Locke (2004, p.92), a nosso ver, é mais contundente a esse respeito. Em primeiro lugar, considera que todo homem dispõe de propriedade, ao menos a do próprio corpo: o “trabalho de seus braços e a obra de suas mãos, pode-se afirmar, são propriamente dele”. Além disso, designa a proteção à propriedade como a “conservação recíproca da vida, da liberdade e dos bens”, afirmando-a como o “maior e principal objetivo, portanto, dos homens se reunirem em comunidades, aceitando um governo comum”.

Examinadas as demandas que originaram o Estado (salvar os homens uns dos outros), sua natureza (poder coercitivo) e finalidade (resguardar a propriedade), parece-nos interessante determo-parece-nos agora sobre o ato de sua fundação.

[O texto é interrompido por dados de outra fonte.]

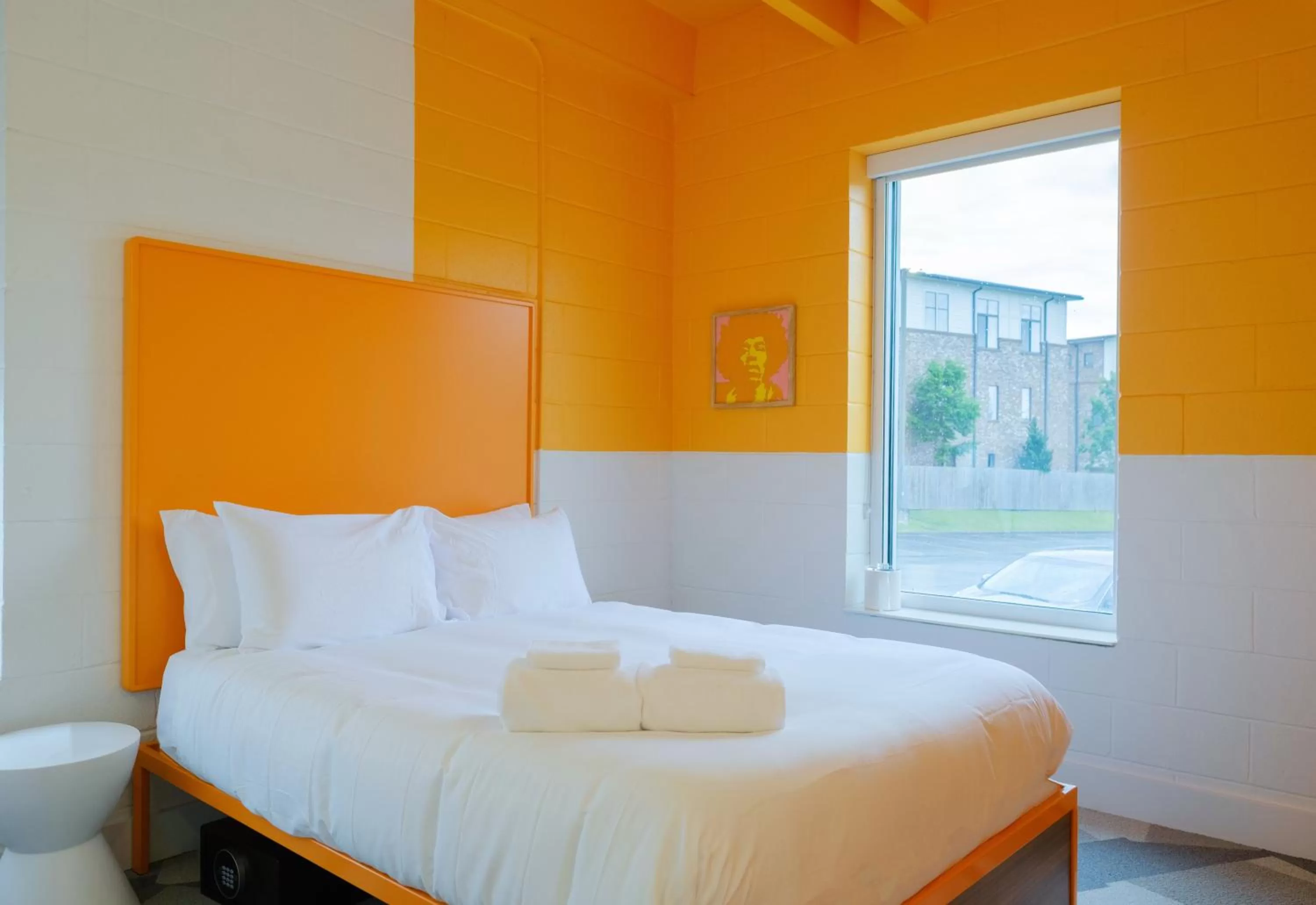 Standard Queen Room 212 in The Gallatin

Rousseau (1999) afirma que a instituição do Estado fora precedida da constituição de um corpo público, que elaborou os acordos que culminaram na sua formação e na legitimidade de suas ações. Identificamos na análise do autor quatro pressupostos: o primeiro deles é que a ordem social é o direito sagrado que serve de base a todos os outros. Este direito, porém, não seria natural, mas fruto de convenções. Destarte, o direito não seria decorrente da força ou de qualquer outro meio que não o pacto coletivo entre os homens:

A mais antiga de todas as sociedades, e a única natural, é a da família. As crianças apenas permanecem ligadas ao pai o tempo necessário que dele necessitam para a sua conservação. Assim que cesse tal necessidade, dissolve-se o laço natural. As crianças, eximidas da obediência devida ao pai, o pai isento dos cuidados devidos aos filhos, reentram todos igualmente na independência. Se continuam a permanecer unidos, já não é naturalmente, mas voluntariamente, e a própria família apenas se mantém por convenção. (ROUSSEAU, 1999, p. 53).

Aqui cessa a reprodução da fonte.